Your objective — After locating the line with "UK New Entry" below, output it and each following line exactly, stopping after the line with "Candelabro de cristal". No pictures.

Exercise inputs —
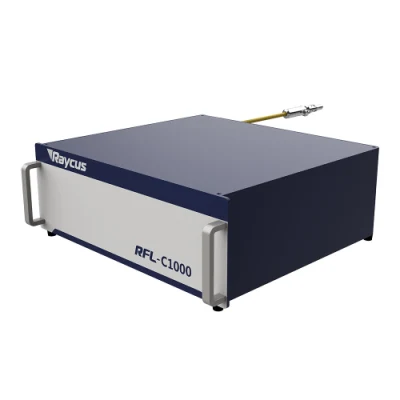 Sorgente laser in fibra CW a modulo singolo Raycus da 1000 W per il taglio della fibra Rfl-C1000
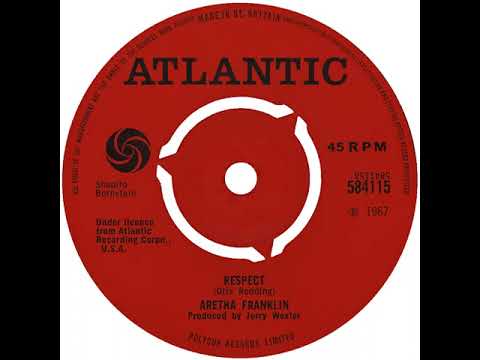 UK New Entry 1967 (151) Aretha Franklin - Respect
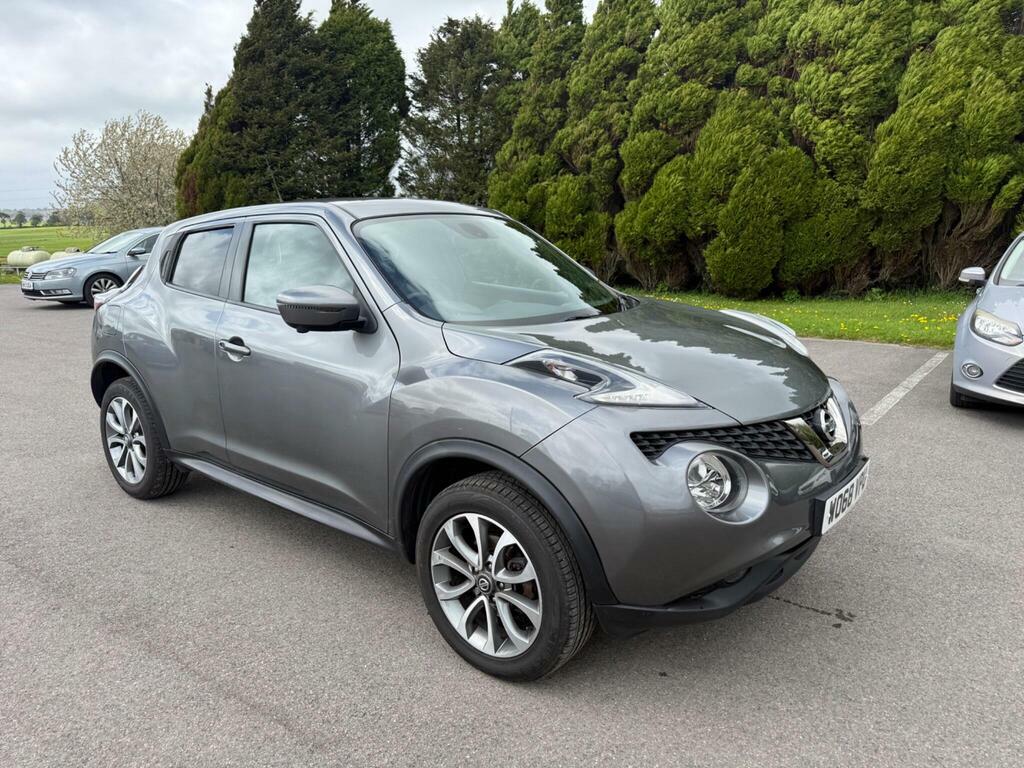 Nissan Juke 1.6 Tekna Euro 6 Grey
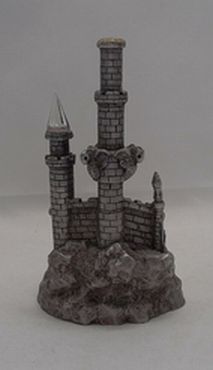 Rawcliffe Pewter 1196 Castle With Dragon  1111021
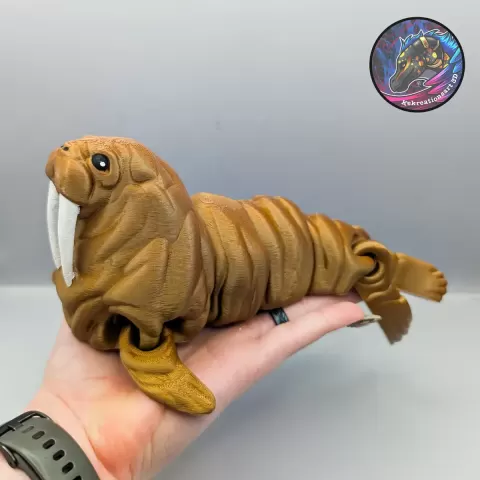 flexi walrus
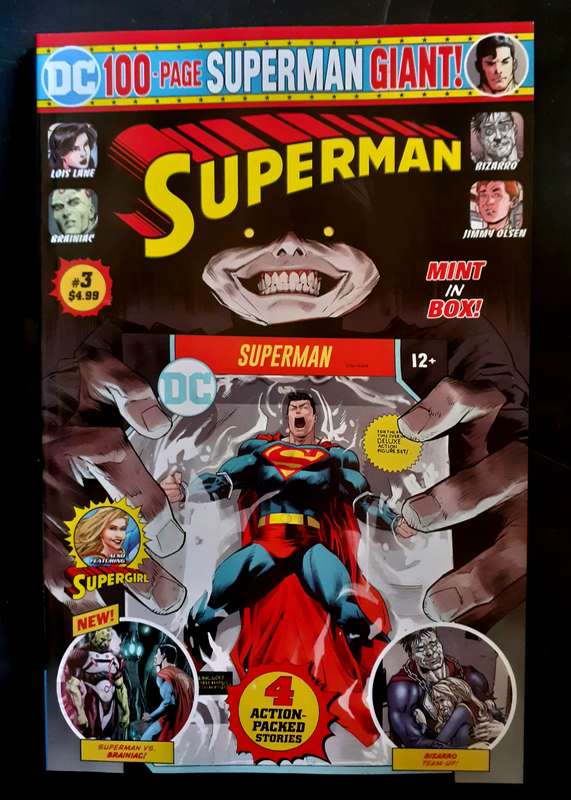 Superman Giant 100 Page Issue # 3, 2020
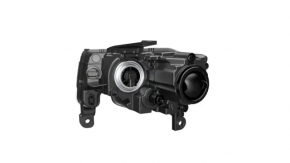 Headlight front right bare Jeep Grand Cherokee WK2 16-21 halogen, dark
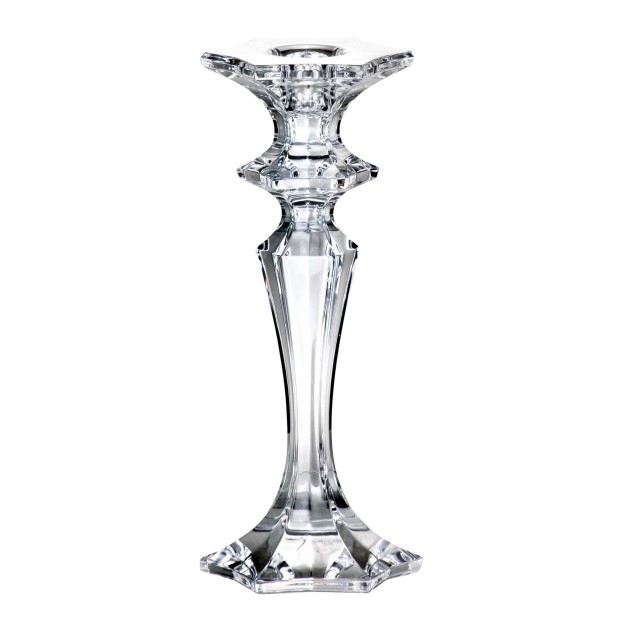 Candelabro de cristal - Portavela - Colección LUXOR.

--

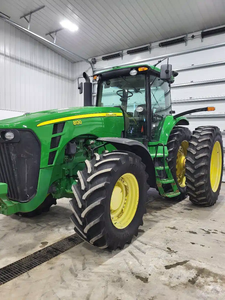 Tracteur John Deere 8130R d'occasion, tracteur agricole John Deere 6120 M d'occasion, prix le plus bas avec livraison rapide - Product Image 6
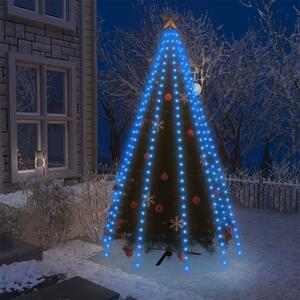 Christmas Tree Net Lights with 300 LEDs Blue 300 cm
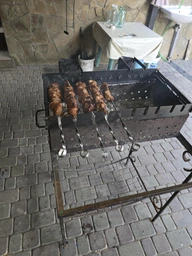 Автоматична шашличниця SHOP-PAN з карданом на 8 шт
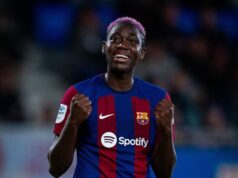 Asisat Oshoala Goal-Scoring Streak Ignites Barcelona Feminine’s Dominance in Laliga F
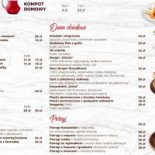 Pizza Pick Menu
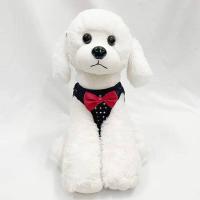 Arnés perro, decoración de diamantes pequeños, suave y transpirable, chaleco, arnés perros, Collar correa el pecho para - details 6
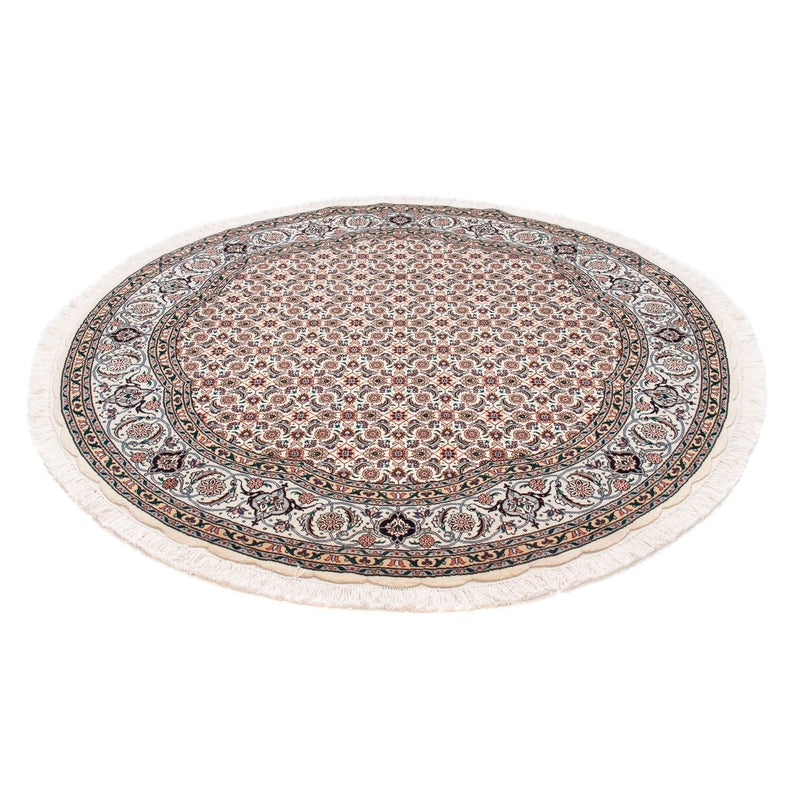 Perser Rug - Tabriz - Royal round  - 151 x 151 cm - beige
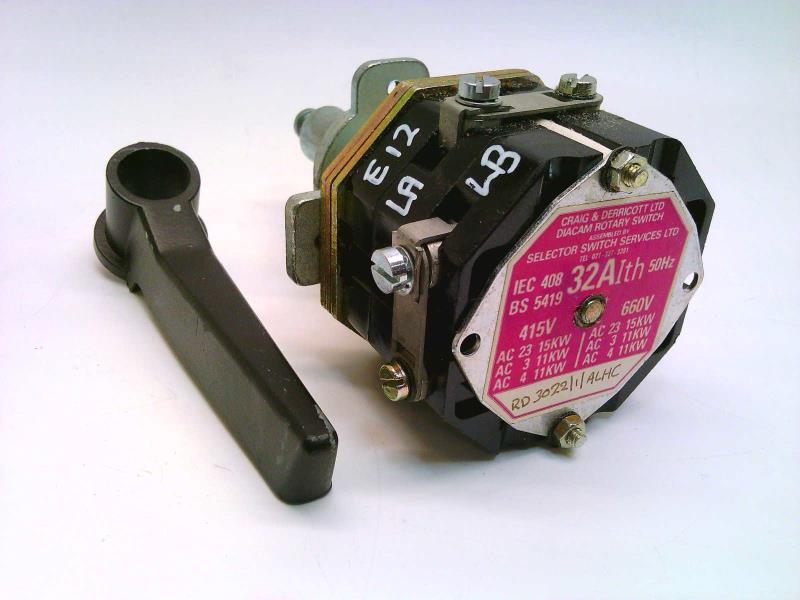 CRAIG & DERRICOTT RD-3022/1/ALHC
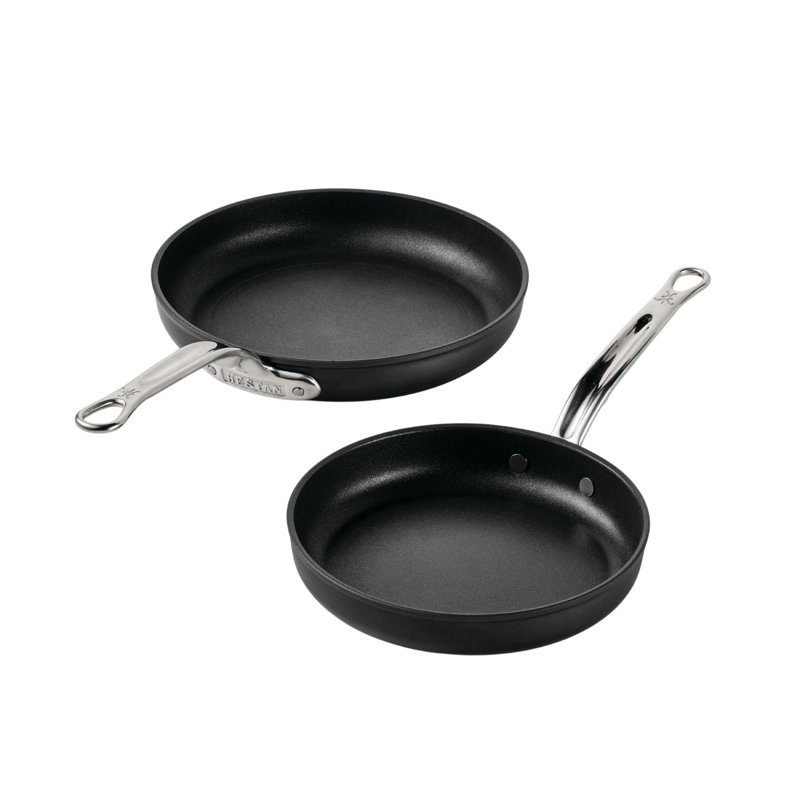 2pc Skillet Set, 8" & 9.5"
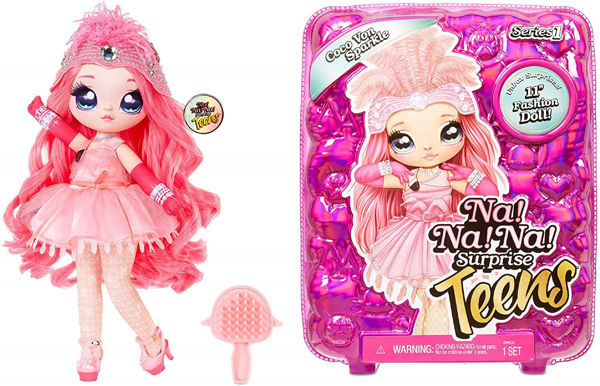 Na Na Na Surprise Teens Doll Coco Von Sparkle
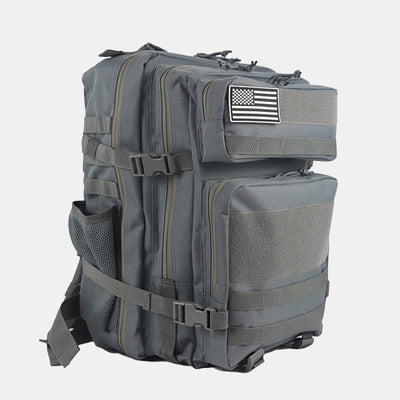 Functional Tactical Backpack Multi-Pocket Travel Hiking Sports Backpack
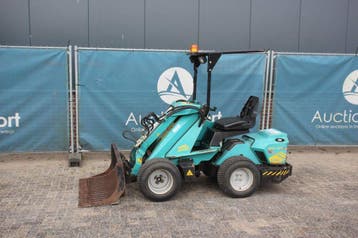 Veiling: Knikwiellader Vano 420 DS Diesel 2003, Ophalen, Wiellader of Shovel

Written answer —
 UK New Entry 1967 (151) Aretha Franklin - Respect
 Nissan Juke 1.6 Tekna Euro 6 Grey
 Rawcliffe Pewter 1196 Castle With Dragon  1111021
 flexi walrus
 Superman Giant 100 Page Issue # 3, 2020
 Headlight front right bare Jeep Grand Cherokee WK2 16-21 halogen, dark
 Candelabro de cristal - Portavela - Colección LUXOR.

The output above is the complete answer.